Optimal gradient estimates for the insulated conductivity problem with general convex inclusions case

TL;DR

This paper establishes sharp upper and lower bounds on the gradient blow-up rates for solutions to the insulated conductivity problem with general convex inclusions in dimensions three and higher, extending previous results from spherical cases.

Contribution

It provides the first sharp gradient estimates for general convex insulators, revealing the blow-up rate tied to the eigenvalues of a geometry-dependent elliptic operator.

Findings

Established pointwise upper bounds for the gradient.

Derived matching lower bounds for optimal blow-up rates.

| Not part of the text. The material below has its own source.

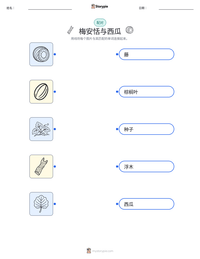 梅安恬与西瓜 可打印工作表预览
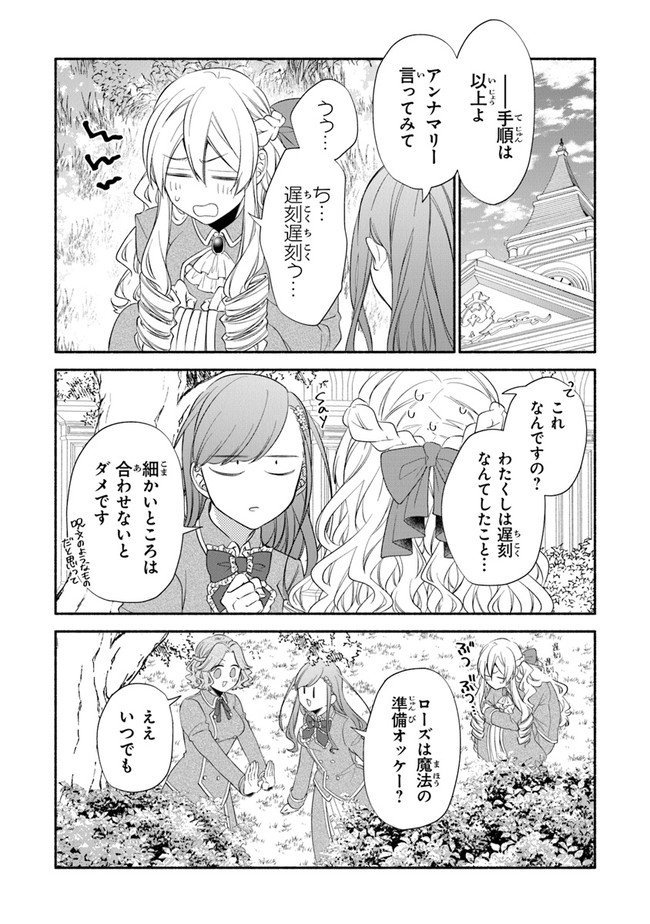 AKUYAKU REIJOU NI TENSEI SHIPPAI SHITE KACHI HEROINE NI NATTE SHIMAIMASHITA ~AKUYAKU REIJOU NO ANI TO NO KAZOKU ENDO WO AKIRAMETE KOIBITO END WO MEZASHIMASU~ Chapter 2.2 page 16 - nihonkuni.com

Extended previous spherical inclusion results to general convex shapes.

Abstract

We study the insulated conductivity problem which involves two adjacent convex insulators embedded in a bounded domain. It is known that the gradient of solutions may blow up as the distance between the two inclusions tends to zero. However, the sharpness of the blow up rate for general convex insulator case in dimension $n\geq3$ has remained open. The novelty of this paper is that we answer this problem affirmatively by establishing a pointwise upper bound of the gradient for general convex insulators, along with a corresponding lower bound that achieves optimal blow up rates. These rates are associated with the first nonzero eigenvalue of an elliptic operator determined by the geometry of insulators. Our results improve and make complete the previous result for ball insulators case studied in \cite{DLY}.